Industry Landscape: Many DSO’s have insufficient visibility of what is going on at the grid level, meaning they are unprepared to manage the energy transition, where different Low Carbon Technologies (LCT) are being connected to customers houses. On the one hand these LCT’s potentially increase load and could lead to imbalance but on the other hand these LCT’s provide an opportunity to deliver flexibility to the grid. In both cases the DSO will not be able to effectively manage the grid without visibility of what is connected and the respective flows to and from the LCT’s.

Specific Challenges Addressed: The overall business need is the ability to maximise customers use of LCT’s and diminish the risk of blackout or restrictions on EV charging etc. In order to achieve different specific challenges need to be addressed, such as: 

  • Resolving connection uncertainties, eg. Unknown customer phase and feeder connections. 
  • Resolving asset data inconsistencies between GIS and Asset Management Systems. 
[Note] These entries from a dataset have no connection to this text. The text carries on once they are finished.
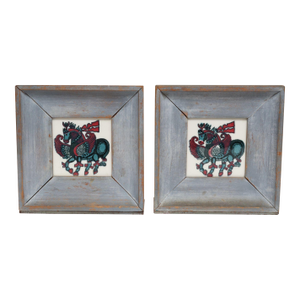 Vintage Deco Folk Art Painted Wood and Wheeling Ceramic Tile "Pegasus" Bookend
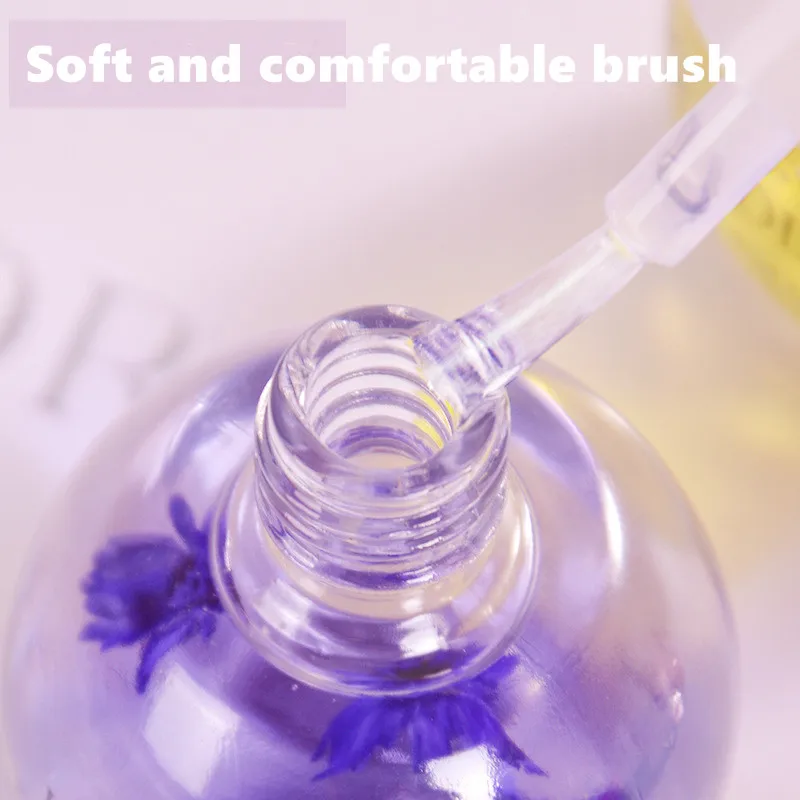 15 ml Dried Flower Soft Nutritional Oil Manicure Nail Cuticle Revitalizer Oil Bottle With Brush For Nails Care
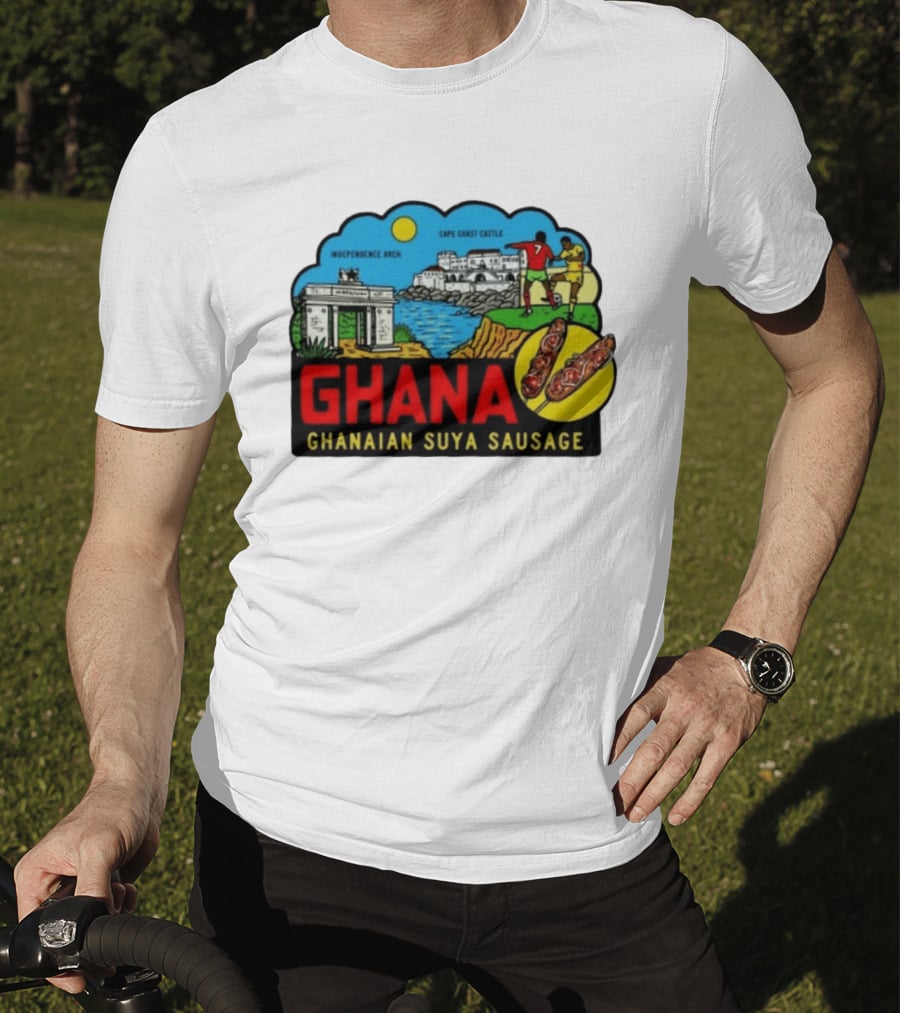 Ghana Cape Coast Castle Independence Arch Ghanaian Suya Sausage Soccer Scene T-Shirt
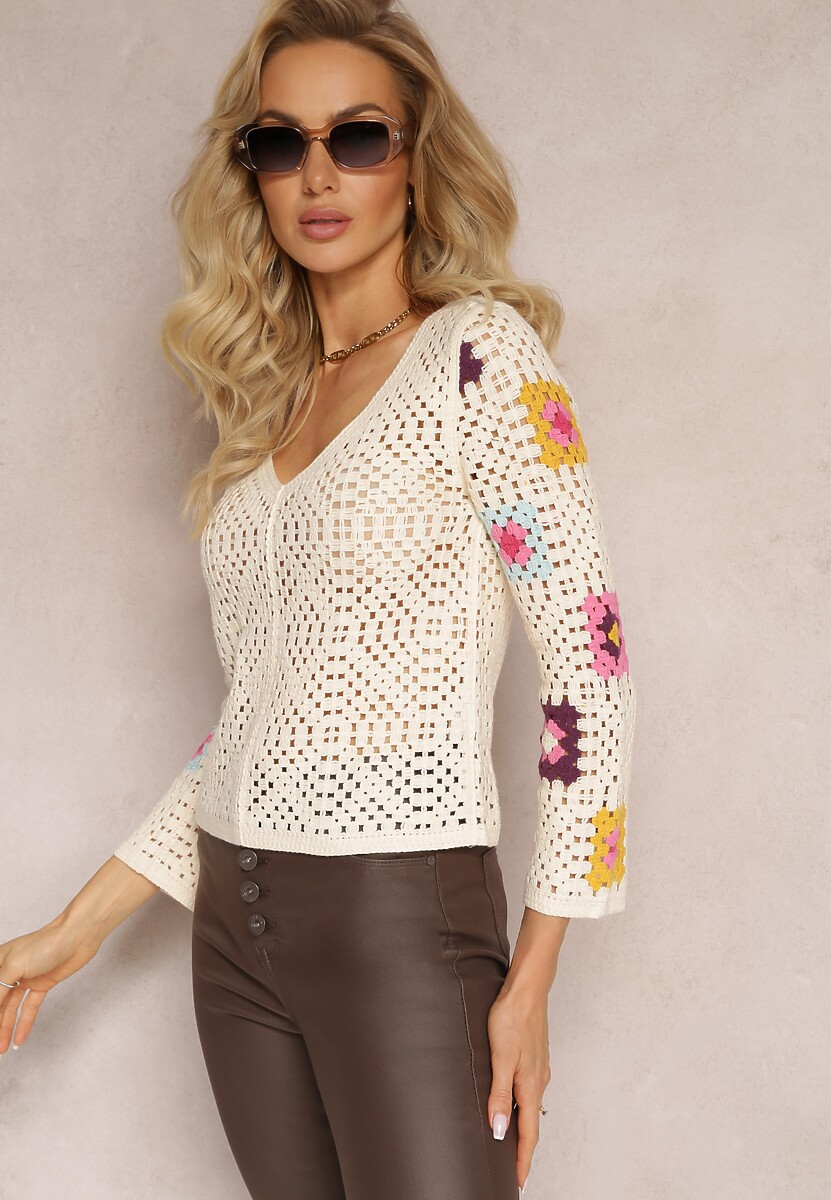 Beżowa Ażurowa Bluzka z Długim Rękawem Jenaviva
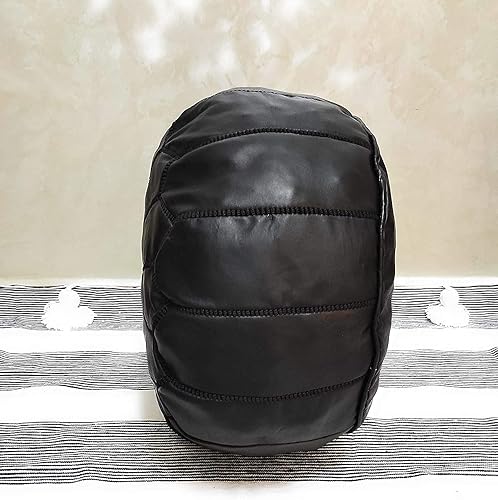 Miniatura 2 de ARTOUARZAZATE Funda de puf de cuero marroquí de alta calidad, taburete otomano Hassock 100% cuero natural real, regalos para el hogar, regalos de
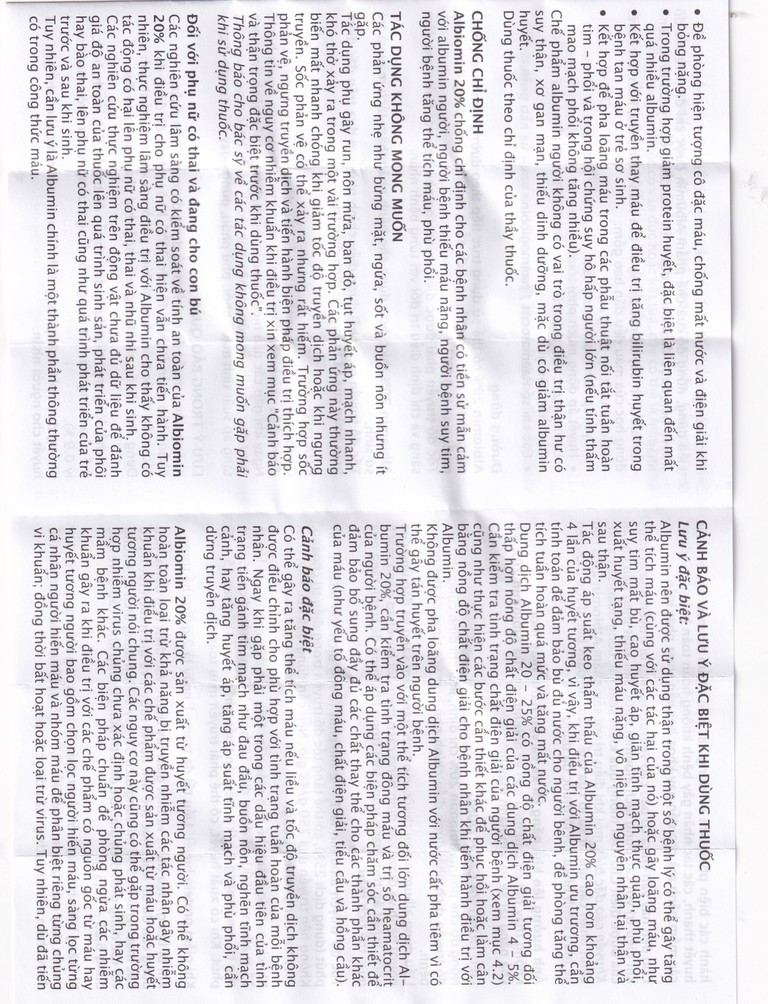 Dịch truyền Albiomin 20% Biotest điều trị cấp cứu trường hợp choáng do giảm thể tích máu (50ml)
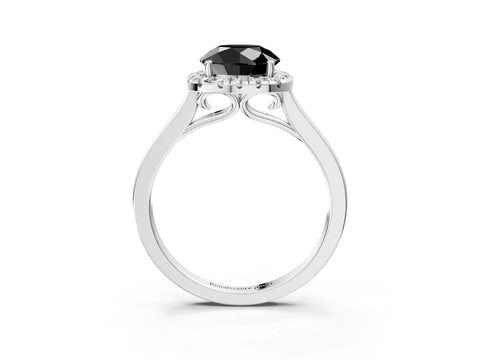 Silver Fancy Black Round Cut Halo Round Diamond Solitaire Ring with Pavé Band and Four-Prong Setting_33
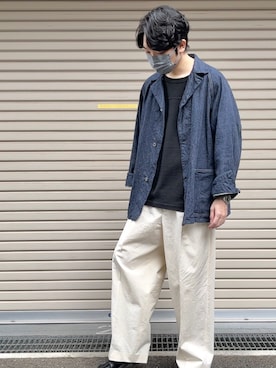 「stein（シュタイン）のアイテム（チノパンツ）」を使った、mashrさん（メンズ・171cm）の春コーディネート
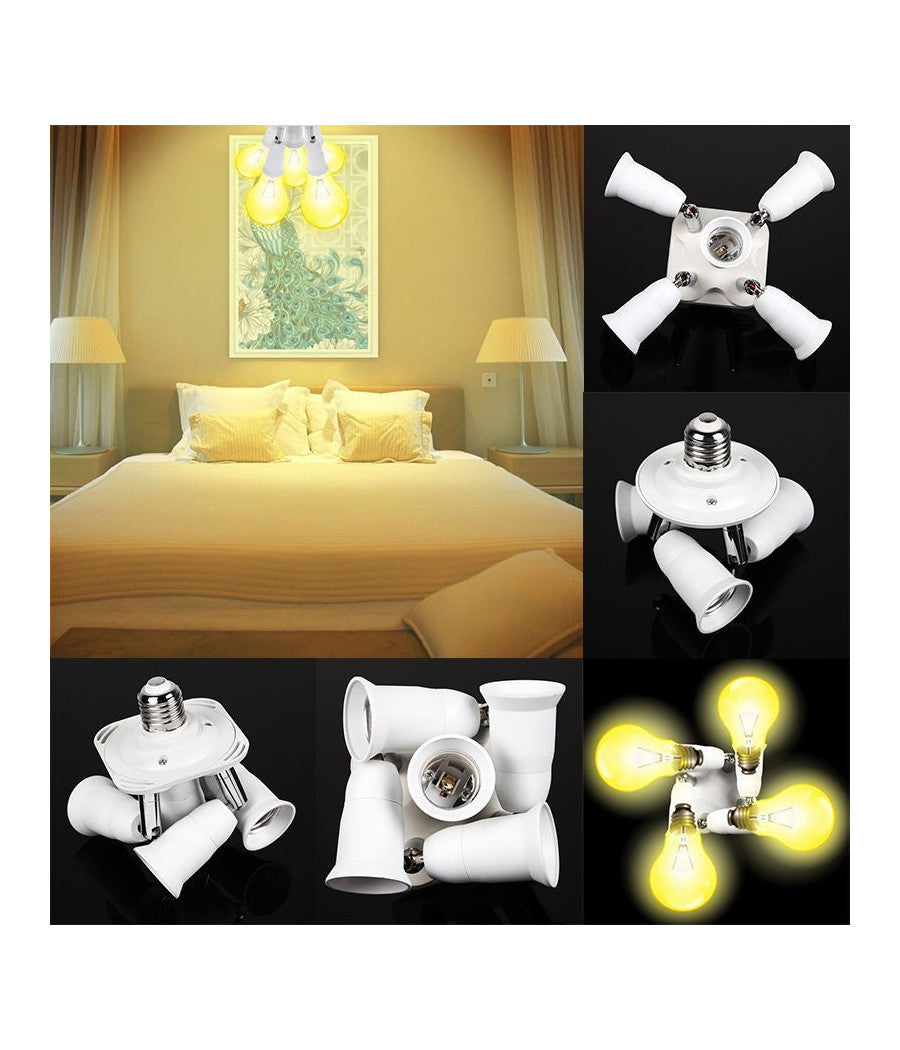 Portalampada Adattatore E27 5 In 1 Per Lampade Lampadine Attacchi Orientabili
These challenges were addressed via the following Use Cases: 

  • Phase data. 
  • Feeder / Substation association. 
  • LCT detection. 
  • Substation profiles. 

Solution Overview 

Technological Definition: TRL 7 – System prototype demonstration in operational environment (ENTSO-E Technopedia: Integrated pilot system demonstrated).

Technological Components:

  • INM (Integrated Network Model) database developed by CGI, integrated with NGED operational data.
  • Operational Model database designed and developed by CGI. 
  • Data science algorithms designed and developed by CGI. 
  • DCC Adapter designed and developed by CGI. DCC is the Data Communication Company, the central market data exchange mechanism for smart meter data. 
  • New Feeder Finder designed and developed by HAYSYS.

Implementation Details 

Phases:  

  • WP1 – Network selection & validation, algorithm review, data provision. 
  • WP2 – Phase identification 
  • WP3 – Combination load profiles for planning 
  • WP4 – Voltage detection of unregistered equipment 
  • WP5 – Customer to Feeder association validation 
  • WP6 – Reporting & Dissemination

Stakeholders:

  • WPD / NGED: The project was registered by Western Power Distribution (WPD) but during the project the company name was changed to National Grid Electricity Distribution (NGED) and that name is used in this report. Project management and provision of network data, smart meter data etc. And support for the phase survey via the Network Services part of the business.
  • CGI: Algorithm selection, providing and configuring the data processing environment, setting up the data processing for the selected algorithms, accuracy measurement.
  • Loughborough University: Area selection, support of algorithm selection and input of local knowledge from the losses report and other recent work on planning profiles, advising on the Go/ No Go decision to reflect data availability and quality.
  • HAYSYS: Development of the Feeder Finder, provision of phase and feeder surveys. 
  • GHD: Independent validation of the data processing to ensure that the selected algorithms and accuracy measurements are correctly configured in the data processing environment.
  • Smart Grid Consultancy (SGC): SGC were brought into the project to provide project management support after changes in the NGED team structure limited the available resources.
  • Power Projects Ltd: Power Projects Ltd. were brought into the project at a later stage to provide additional support for the feeder survey

Challenges Encountered:  

  • Data quality and availability: Some limitations were discovered around the retrieving of data. The project also uncovered some previously unknown issues with NGED’s legacy data. 
  • Trial area selection: Data requirements for each site were different and finding sites suitable to support all use cases was not possible. A periphery area was needed, this involved several revisions as further data became available. 
  • Phase/Feeder surveys and Feeder Finder development: The Phase Finder gave incorrect results for some customers; this was due to a conductor cross on the HV network, resulting in the wrong phase reference. It is necessary to reset the phase reference whenever the survey moves to a new section of the LV network where the phase rotation could potentially be different. 
  • Phase identification: Errors in the phase identification can arise when the group of smart meters is poorly defined. 
  • Feeder identification: Feeder identification is less straightforward than phase identification as the differences, identified through voltage correlation, relate only to the loads on the LV feeder itself, and smart meters on all feeders that are close to the substation busbar will be very similar. 
  • LCT detection: Customers with EVs tend to have higher monthly demand than those without, but the probability distributions are overlapping and so detection of EVs based on a threshold will inevitably have some proportion of false positive and false negative classifications. 
  • Planning profiles: Problems with customers being incorrectly associated with the wrong LV feeder or substation can introduce inaccuracy into the estimates for LV or substation profiles. 

User Roles:

  • Innovation Manager. 
  • Data scientist. 
  • Asset Management team. 
  • Field operational staff fitting monitoring devices to substations.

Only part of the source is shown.